The routineTo understand how Phelps will be able to handle it all, watch his pre-race routine. It has not changed since he was 13, but if you listen to Bowman, it's the key to everything.
After warming up, Phelps walks to the pool with his head down, listening to music. He stretches his right leg on the starting block, shakes it a few times until his muscles feel loose, then he does the same with his left. He offers an expressionless wave when his name is announced, then removes his warm-up jacket. He makes no eye contact. On the starting blocks, he scissor-crosses his arms two-and-a-half times, right before the horn goes off, and then he dives into the pool.
"I think that's just a very familiar pattern that he does, and it gets his mind in a place where it needs to be," Bowman said. "I remember clearly the first time he swam at nationals, he swam very, very well in the prelims and came back that night and I was very curious to see how he would do the first time in the finals. And he just walked out and did his normal routine.
"That's very rare that you would have some kid who is 14 up on the blocks stretching and doing all this stuff while the other guys are sitting back in their chairs. Most kids would [succumb to peer pressure] and do what the other guys were doing.
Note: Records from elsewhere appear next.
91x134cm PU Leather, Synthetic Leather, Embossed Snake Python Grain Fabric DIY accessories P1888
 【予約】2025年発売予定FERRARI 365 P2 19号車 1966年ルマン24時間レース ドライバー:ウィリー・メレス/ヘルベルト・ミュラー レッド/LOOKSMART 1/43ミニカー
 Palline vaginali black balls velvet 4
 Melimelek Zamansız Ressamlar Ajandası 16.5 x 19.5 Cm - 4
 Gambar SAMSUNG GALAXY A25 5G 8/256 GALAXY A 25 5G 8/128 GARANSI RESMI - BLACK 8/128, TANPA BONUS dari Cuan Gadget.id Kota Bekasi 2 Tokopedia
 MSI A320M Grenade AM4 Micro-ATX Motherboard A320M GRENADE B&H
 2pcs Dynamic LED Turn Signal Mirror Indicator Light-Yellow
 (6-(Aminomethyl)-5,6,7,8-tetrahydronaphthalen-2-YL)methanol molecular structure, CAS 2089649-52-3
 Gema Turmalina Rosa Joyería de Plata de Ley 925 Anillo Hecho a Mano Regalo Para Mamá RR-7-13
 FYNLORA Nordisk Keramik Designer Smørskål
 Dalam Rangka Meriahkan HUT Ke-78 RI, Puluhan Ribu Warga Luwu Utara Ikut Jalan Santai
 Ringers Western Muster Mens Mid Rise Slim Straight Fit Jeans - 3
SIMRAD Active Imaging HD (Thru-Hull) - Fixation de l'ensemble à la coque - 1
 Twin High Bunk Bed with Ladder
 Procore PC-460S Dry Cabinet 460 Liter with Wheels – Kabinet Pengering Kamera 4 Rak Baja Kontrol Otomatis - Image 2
But he just totally did his own thing."
Even among those who can appreciate Phelps' ability to deliver under pressure, opinion is divided over whether such a feat can be accomplished. Not only does Phelps need to win five individual events, he also needs victories in three relay races.
Spitz said last month at the U.S. Olympic swimming trials in Omaha that he believes Phelps has a great chance. The two swimmers are not close - they've shared only a few words over the years - but Spitz seems more comfortable these days discussing Phelps than he did four years ago.
"I think it's about time that someone else take the responsibility and I'm happy to pass the baton on to someone that I'm sure I have inspired," Spitz said. "Thirty six years is a long time. To be honest, if he doesn't do it, then it was not meant to be, but it does not take away from his greatness. He's shown a different kind of courage than I did. I was not chasing seven gold medals."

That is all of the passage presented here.